[DATA PROVIDED Boundary: Start]

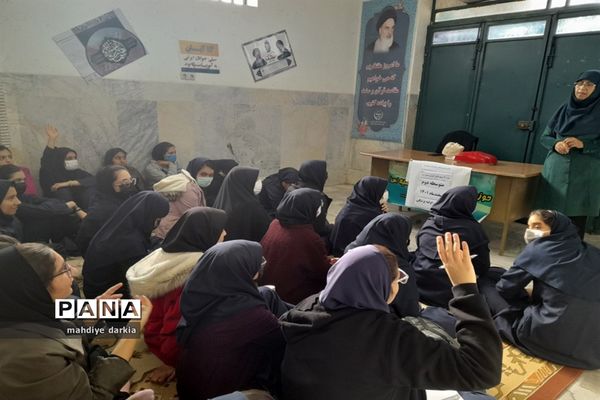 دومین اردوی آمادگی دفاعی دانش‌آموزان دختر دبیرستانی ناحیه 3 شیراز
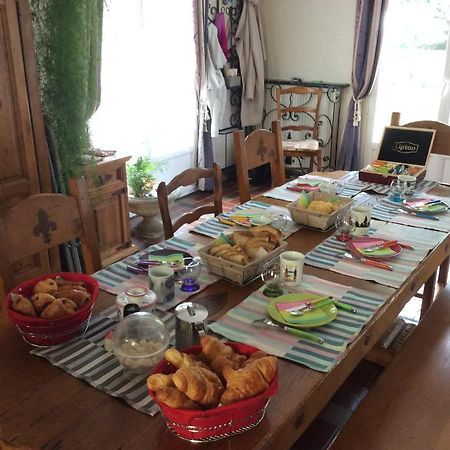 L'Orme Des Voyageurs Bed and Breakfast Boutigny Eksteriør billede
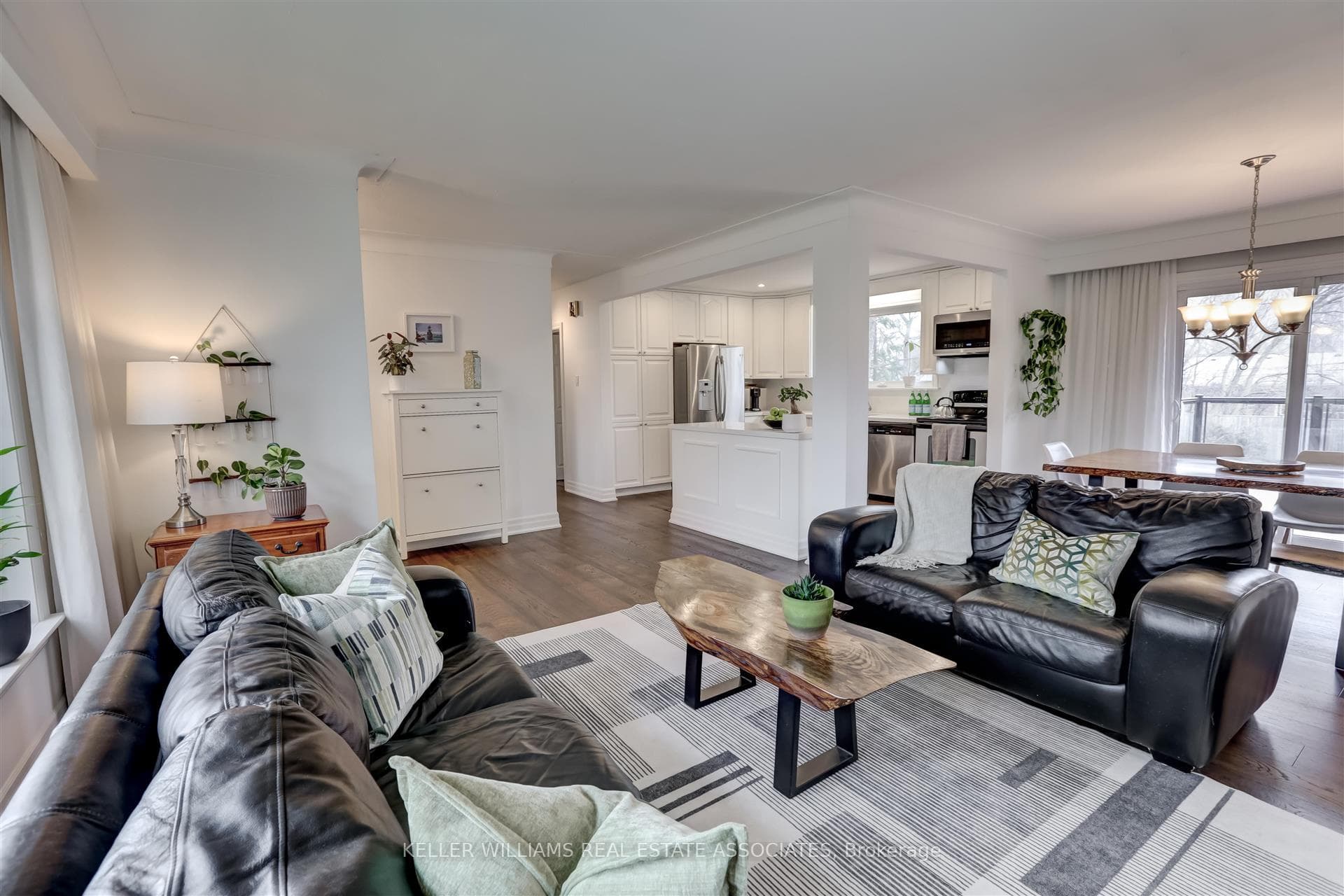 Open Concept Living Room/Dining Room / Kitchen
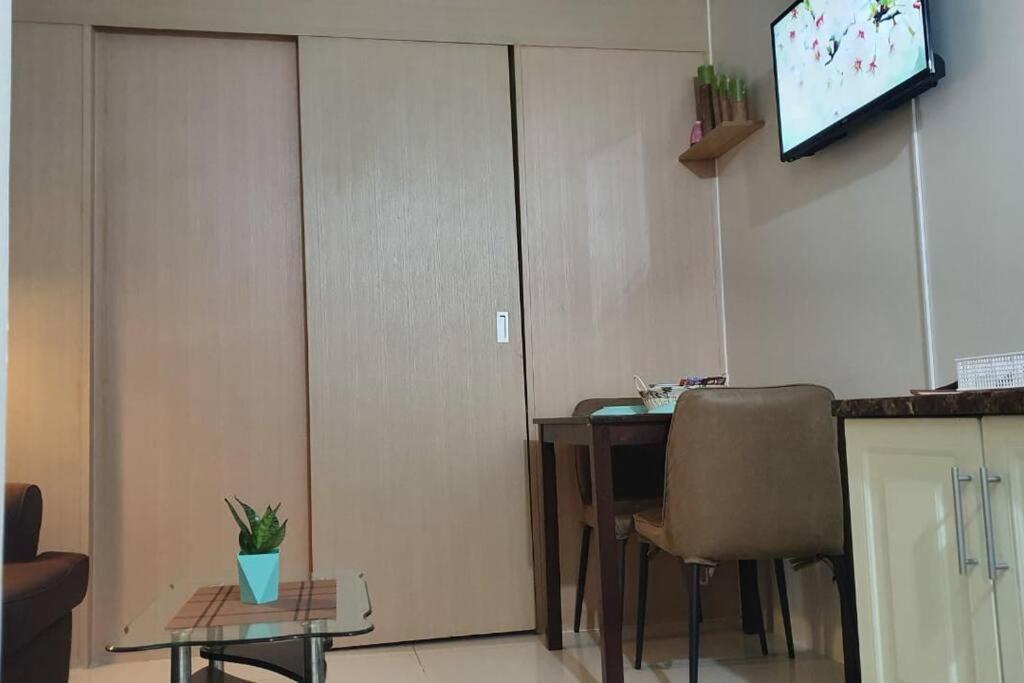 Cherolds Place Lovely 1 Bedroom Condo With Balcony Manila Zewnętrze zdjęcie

[DATA PROVIDED Boundary: End]

REQUIRED WORK: Could you print the whole listing again, exactly, leaving the pictures out?

YOUR RESPONSE:
 دومین اردوی آمادگی دفاعی دانش‌آموزان دختر دبیرستانی ناحیه 3 شیراز
 L'Orme Des Voyageurs Bed and Breakfast Boutigny Eksteriør billede
 Open Concept Living Room/Dining Room / Kitchen
 Cherolds Place Lovely 1 Bedroom Condo With Balcony Manila Zewnętrze zdjęcie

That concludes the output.